Reflection Of Pablo Picasso’s Anti-war Position In Guernica
Pablo Picasso was a Spanish artist during Cubism, Surrealism, and Expressionism Periods. During his lifetime, he was famous for many of his works in which Guernica was one of them. Guernica was a piece that was started between the Cubism and Surrealism periods in June 1937 and was finished in Picasso's home as an oil painting on a canvas. Picasso's piece is currently being stored at the Museo Reina Sofia in Madrid .'The extraordinary piece of work Pablo created was in response to the bombing of a Basque city in Northern Spain by the Nazis.
The painting denounces one of the bloodiest attacks in history without ever using the color red. The overall purpose of Guernica is to tell a story about the Spanish Civil War and symbolizes the mass genocide that took place during wartime. The horrific incident has been captured by Picasso and illustrated on a canvas. Picasso utilizes distinctive images through the anguish of faces and the disarray of the picture in which portrays the ultimate message that with the killing of many, comes grief of more.
The piece itself is painted in monochrome tones, using colors such as grey, black, and white to further develop the tone and mood of the scenes. The painting includes many images of human beings and animals in which appear to be suffering. The dark tones offer a gloomy feel to the painting, and the expressions on the faces depict a sense of terror among the people and animals. The anti-war painting Picasso created offers insight into the anguish and torture endured by many.
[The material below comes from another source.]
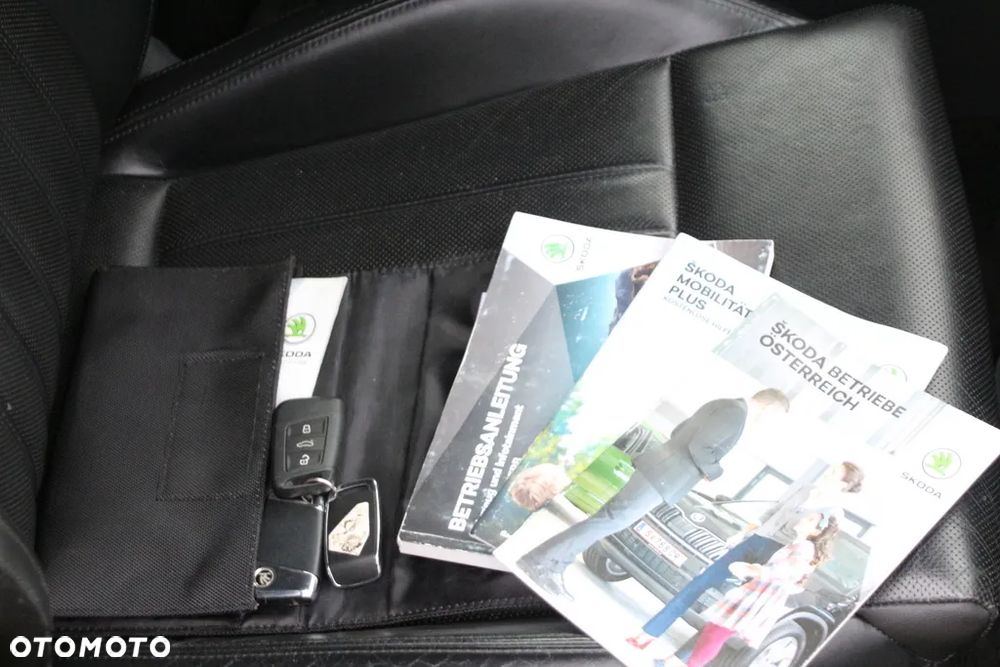 Skoda Superb 2.0 TDI 4x4 DSG Ambition - 35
To the left of the painting, a man or a bull is standing over a woman who has a lifeless body in her arms. In the center of the lies a horse that seems to be injured. Under the horse lies a sword gripped by a hand at the end of a severed arm as well as a flower. To the right of the horse is a woman that has her head out of the window with her mouth agape while holding a lamp. On the far left of the image, someone appears to be wrapped in flames while screaming in pain. Above it all, there lies a light bulb in the shape of an eye. It can be interpreted as God's eye that is watching over the war and chaos going on. There is also a man pleading to the sky. It can be interpreted as praying to God that the war ends while everything around him is being destroyed.
The entirety of Guernica is anti-war; the people depicted in the painting are terrified or have been faced with the realities of death upon them and their loved ones. In the artwork, the soldier is holding a flower, however, in battle, it is not normal to carry flowers. The flower implemented in Picasso's painting poses as a peace offering or a sign that he wants peace to overcome the war. The artwork shows a high volume of ideas of what war was. The work visualizes the devastation and chaos in a civilian's lives within the community. The painting paints a picture in the viewers' minds and allows clear visualization of what the people during the Spanish Civil War had to endure when their homes were bombed. The painting offers only a small glimpse of how left life could go when everything seems to be right.
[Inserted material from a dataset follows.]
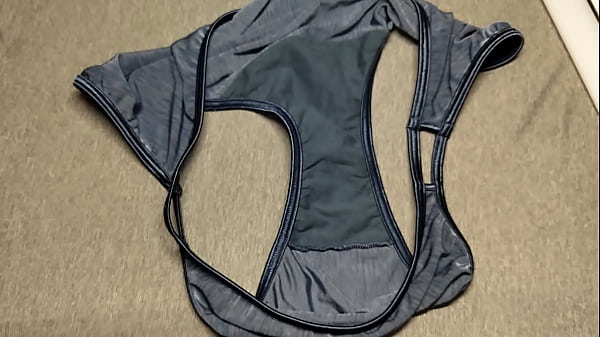 Me vine sobre los calzones nuevos de mi compa&ntilde;era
How Picasso allows his audience to interpret his paintings is phenomenal as he sets the tone in the painting with his monochrome palette and the use of shapes to create the overall message. With the setting of the painting already being dark, the shades of black, white and grey add into the sadness of the background of the inspiration to make the art speak for itself. The death of a mother's child is equal to losing a soldier because a soldier is also another woman's child.
Overall, Picasso’s “Guernica” shows his audience that the world should be anti-war due to leading the civilians into devastation and bringing destruction upon them. The Aerial bombing committed by the Nazis on the town of Guernica may be gone, but its casualties are never to be forgotten thanks to the historic painting created by Pablo Picasso.